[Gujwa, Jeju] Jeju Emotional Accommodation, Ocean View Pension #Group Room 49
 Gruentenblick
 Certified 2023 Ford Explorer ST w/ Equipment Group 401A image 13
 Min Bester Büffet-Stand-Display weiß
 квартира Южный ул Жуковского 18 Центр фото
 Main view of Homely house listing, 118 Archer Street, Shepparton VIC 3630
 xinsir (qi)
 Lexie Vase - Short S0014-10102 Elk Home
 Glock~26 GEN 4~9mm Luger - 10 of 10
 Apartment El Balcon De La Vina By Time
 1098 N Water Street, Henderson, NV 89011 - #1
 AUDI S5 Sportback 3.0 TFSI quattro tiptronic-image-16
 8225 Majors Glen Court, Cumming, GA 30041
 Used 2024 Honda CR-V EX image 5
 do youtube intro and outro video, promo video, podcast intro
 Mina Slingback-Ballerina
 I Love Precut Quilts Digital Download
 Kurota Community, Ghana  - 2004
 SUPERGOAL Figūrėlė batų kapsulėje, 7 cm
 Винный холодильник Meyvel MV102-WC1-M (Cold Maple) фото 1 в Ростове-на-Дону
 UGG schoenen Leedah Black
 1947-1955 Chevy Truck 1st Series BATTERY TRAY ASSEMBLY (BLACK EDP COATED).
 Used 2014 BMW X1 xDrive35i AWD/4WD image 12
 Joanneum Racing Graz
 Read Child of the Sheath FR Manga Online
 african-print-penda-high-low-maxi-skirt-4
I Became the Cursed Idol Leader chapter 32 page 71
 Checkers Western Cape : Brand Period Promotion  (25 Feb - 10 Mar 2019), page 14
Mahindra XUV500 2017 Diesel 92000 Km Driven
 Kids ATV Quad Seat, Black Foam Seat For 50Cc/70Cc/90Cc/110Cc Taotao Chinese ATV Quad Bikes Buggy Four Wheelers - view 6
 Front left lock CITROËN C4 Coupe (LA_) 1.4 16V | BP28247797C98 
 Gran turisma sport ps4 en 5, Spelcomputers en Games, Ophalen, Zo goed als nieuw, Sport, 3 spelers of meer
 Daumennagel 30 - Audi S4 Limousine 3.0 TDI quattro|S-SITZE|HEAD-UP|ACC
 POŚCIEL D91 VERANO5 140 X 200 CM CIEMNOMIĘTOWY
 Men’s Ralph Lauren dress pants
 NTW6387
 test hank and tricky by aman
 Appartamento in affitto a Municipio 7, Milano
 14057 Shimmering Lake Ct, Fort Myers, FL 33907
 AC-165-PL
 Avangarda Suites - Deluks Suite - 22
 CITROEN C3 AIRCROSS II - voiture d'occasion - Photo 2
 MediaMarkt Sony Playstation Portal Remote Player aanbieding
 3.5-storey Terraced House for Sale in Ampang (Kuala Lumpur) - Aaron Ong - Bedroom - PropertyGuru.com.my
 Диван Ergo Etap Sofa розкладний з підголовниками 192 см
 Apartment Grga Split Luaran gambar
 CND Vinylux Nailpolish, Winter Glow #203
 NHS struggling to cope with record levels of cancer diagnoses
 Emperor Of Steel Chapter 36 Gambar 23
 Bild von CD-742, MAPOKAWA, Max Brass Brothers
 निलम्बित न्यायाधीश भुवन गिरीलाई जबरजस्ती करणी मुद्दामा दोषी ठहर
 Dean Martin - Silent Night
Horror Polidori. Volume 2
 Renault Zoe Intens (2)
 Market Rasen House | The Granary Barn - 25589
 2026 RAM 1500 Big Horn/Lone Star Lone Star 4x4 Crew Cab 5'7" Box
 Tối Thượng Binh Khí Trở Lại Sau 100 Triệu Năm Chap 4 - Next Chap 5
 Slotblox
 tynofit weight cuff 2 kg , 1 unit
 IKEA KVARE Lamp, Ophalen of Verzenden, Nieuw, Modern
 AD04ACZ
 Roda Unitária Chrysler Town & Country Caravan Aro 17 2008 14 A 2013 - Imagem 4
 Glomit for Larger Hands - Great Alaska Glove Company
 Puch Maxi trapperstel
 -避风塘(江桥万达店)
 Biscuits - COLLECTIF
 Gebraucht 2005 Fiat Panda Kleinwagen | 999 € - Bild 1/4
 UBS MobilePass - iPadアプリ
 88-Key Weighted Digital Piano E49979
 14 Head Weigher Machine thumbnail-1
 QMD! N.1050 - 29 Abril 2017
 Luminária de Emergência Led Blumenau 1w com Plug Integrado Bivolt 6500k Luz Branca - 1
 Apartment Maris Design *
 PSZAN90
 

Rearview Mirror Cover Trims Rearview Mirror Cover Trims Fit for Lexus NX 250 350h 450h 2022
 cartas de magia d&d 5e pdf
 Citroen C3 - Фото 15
══════════════════════════════
Would you print, exactly as written, every line above from the one holding "SUPERGOAL Figūrėlė batų kapsulėje, 7 cm" through the one holding "I Became the", with both included and no other lines?

## TASK SOLUTION
 SUPERGOAL Figūrėlė batų kapsulėje, 7 cm
 Винный холодильник Meyvel MV102-WC1-M (Cold Maple) фото 1 в Ростове-на-Дону
 UGG schoenen Leedah Black
 1947-1955 Chevy Truck 1st Series BATTERY TRAY ASSEMBLY (BLACK EDP COATED).
 Used 2014 BMW X1 xDrive35i AWD/4WD image 12
 Joanneum Racing Graz
 Read Child of the Sheath FR Manga Online
 african-print-penda-high-low-maxi-skirt-4
I Became the Cursed Idol Leader chapter 32 page 71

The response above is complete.